◆ Problem details:
Would you transcribe the entries below, beginning at the line with "Falda Jaclyn Smith" and ending after the line with "Makeup Revolution Conceal", exactly, with no picture and nothing more?

◆ Extracted material:

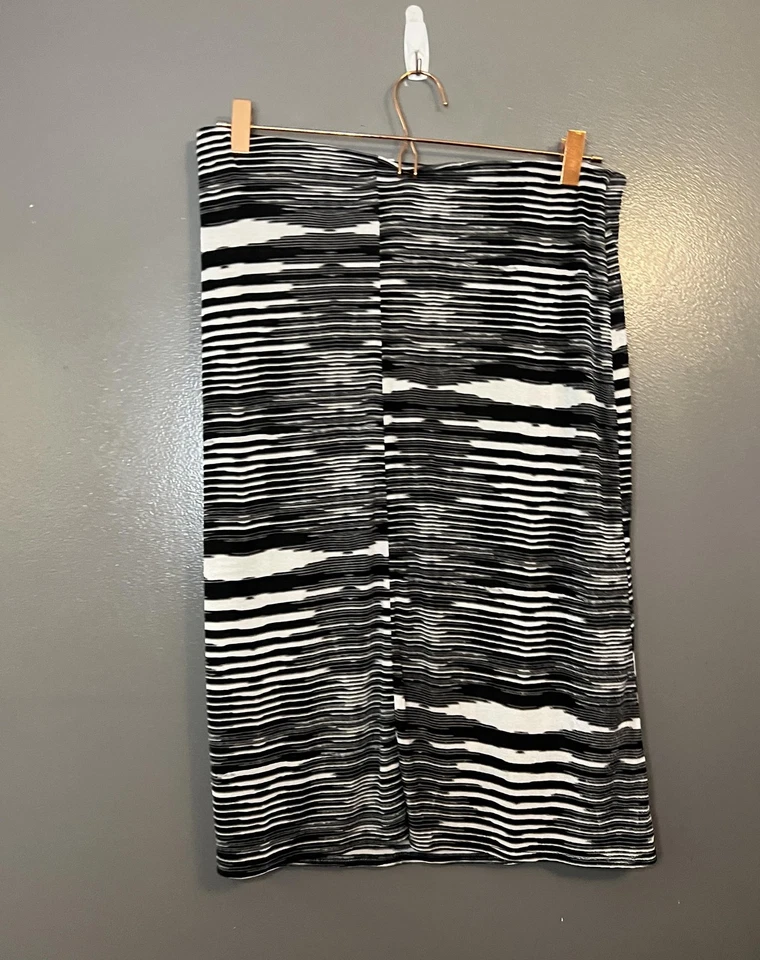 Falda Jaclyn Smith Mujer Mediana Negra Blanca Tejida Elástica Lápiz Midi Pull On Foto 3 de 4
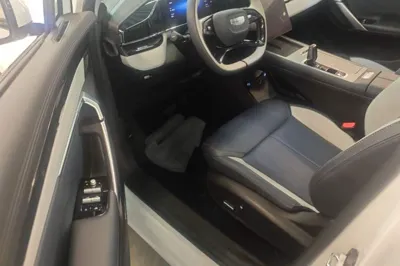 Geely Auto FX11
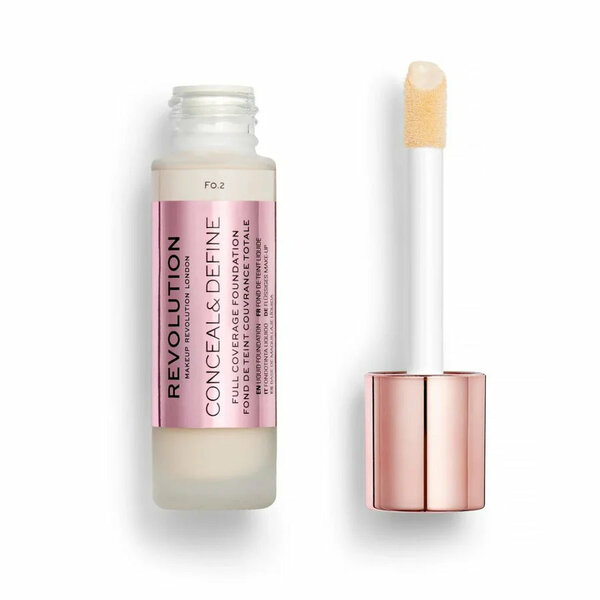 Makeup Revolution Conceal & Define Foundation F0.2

---

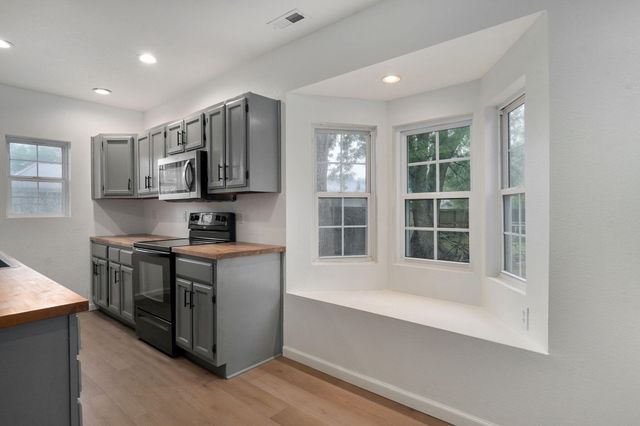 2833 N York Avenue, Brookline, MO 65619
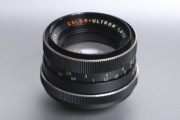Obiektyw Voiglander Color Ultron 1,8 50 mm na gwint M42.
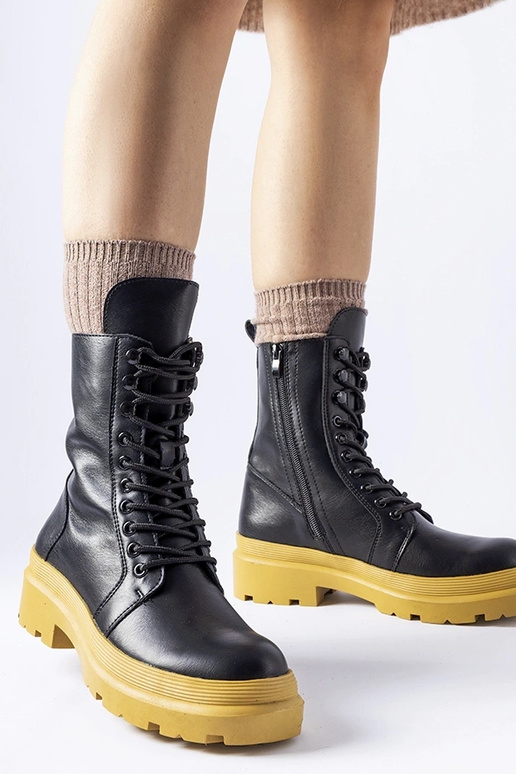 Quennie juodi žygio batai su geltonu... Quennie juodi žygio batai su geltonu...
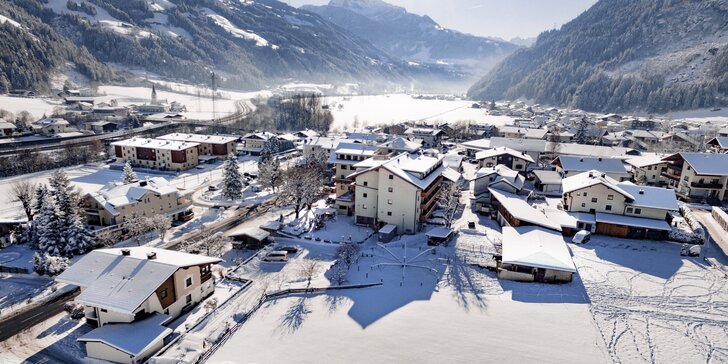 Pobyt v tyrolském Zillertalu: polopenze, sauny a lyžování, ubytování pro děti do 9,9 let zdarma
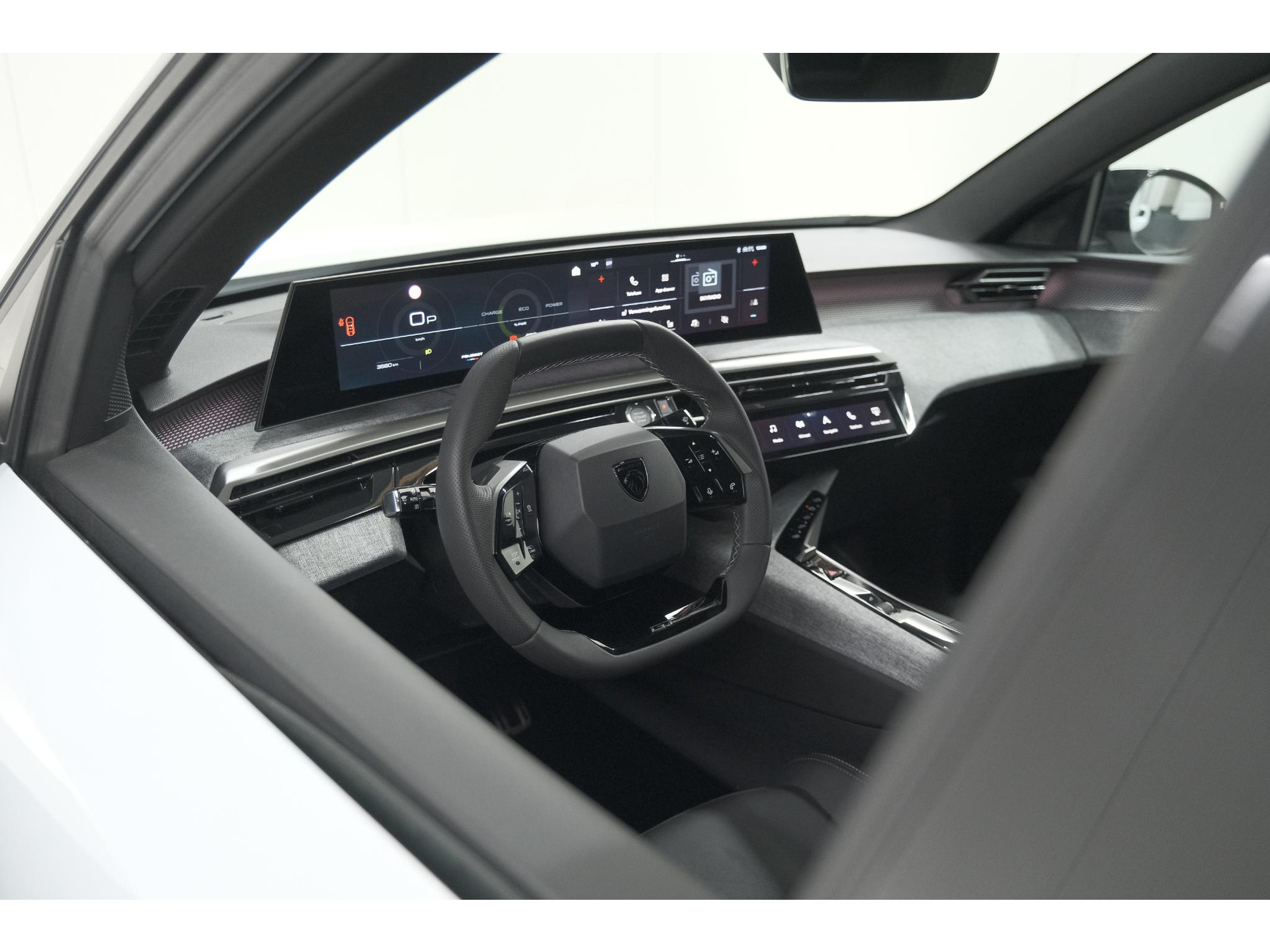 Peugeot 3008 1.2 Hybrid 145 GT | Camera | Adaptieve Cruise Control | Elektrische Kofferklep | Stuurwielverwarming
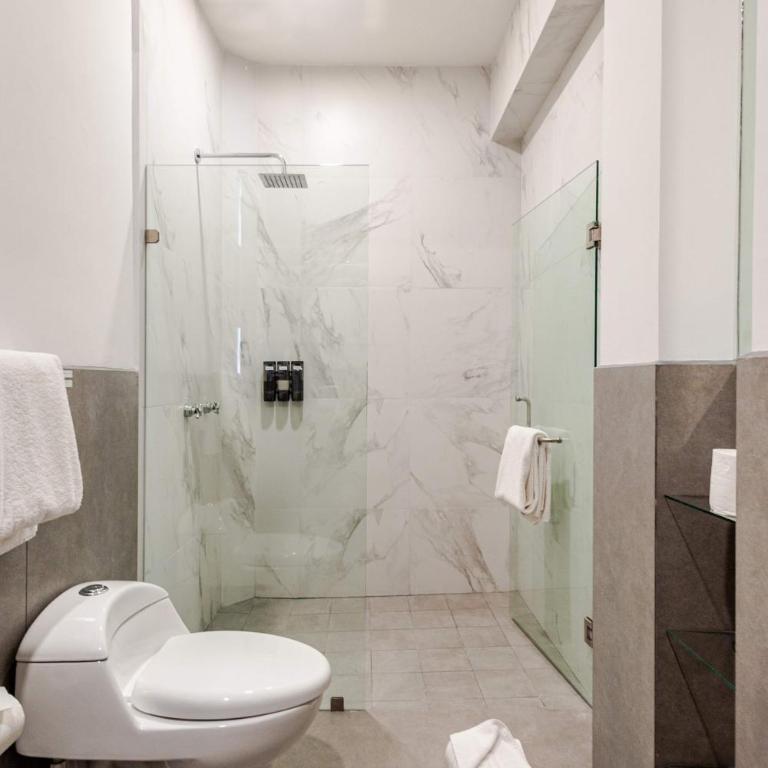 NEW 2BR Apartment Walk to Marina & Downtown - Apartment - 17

◆ Response box:
 Falda Jaclyn Smith Mujer Mediana Negra Blanca Tejida Elástica Lápiz Midi Pull On Foto 3 de 4
 Geely Auto FX11
 Makeup Revolution Conceal & Define Foundation F0.2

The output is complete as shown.